Economic Studies for setting up and maintaining an OWI as public European infrastructure. This includes, but is not limited to studies for analysing and estimating the costs associated with setting up, operating and maintaining a distributed open web index infrastructure across Europe and analysing and estimating the market potential and economic impact of such an infrastructure.
Technical approaches to legally compliant data acquisition considering societal constraints:
Web crawling is the predominant method for web search engines to gather content for their index. However, webmaster and content owners have only limited control over the crawling process via mostly proprietary services. OpenWebSearch.eu is looking for concepts and approaches for opening the proprietary components and provide webmasters and content owners with more control over the crawling process and the usage of their content. Envisioned solutions should be technical in nature, including new metadata schemata/ontologies, algorithms / services for collecting website metadata, services and tools for webmaster and content owners to define legal constraints for crawling as well as open datasets and machine learning models for analysing and filtering web pages during the crawling process.
Dates and Modalities
- Opening date: 1st March 2023
- Closing date: 28th of April 2023, 17:00
- Notification date: 30th June 2023
- Start of projects: 1st August 2023
Successful applications can request funding between 25,000 and 120,000 EUR in this first call for a funding period of up to 12 months.

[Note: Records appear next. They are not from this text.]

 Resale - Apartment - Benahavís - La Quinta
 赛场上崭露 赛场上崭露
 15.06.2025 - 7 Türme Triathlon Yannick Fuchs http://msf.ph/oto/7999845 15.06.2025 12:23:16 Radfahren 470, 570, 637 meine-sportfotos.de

In particular, the call is targeting smaller companies (e.g. SMEs, start-ups), individual innovators, individual researchers or research teams (e.g. doctoral or post-doctoral researchers) from renowned universities. Eligible applicants are individuals residing in EU Member States or Horizon Europe Associated Countries, or organisations registered in EU Member States or Horizon Europe Associated Countries.
Find more info and the proposal package for download on the project website: openwebsearch.eu/call1
Open Search Foundation e.V.
The Open Search Foundation e.V. is a European movement of people and organisations that work together to create the foundation for independent, free and self-determined access to information on the Internet. In cooperation with research institutions, computer centres and other partners, we’re committed to a searching the web in a way that benefits everyone. The promotion of research in the field of search engines, plus education and cooperation, form the pillars of our work.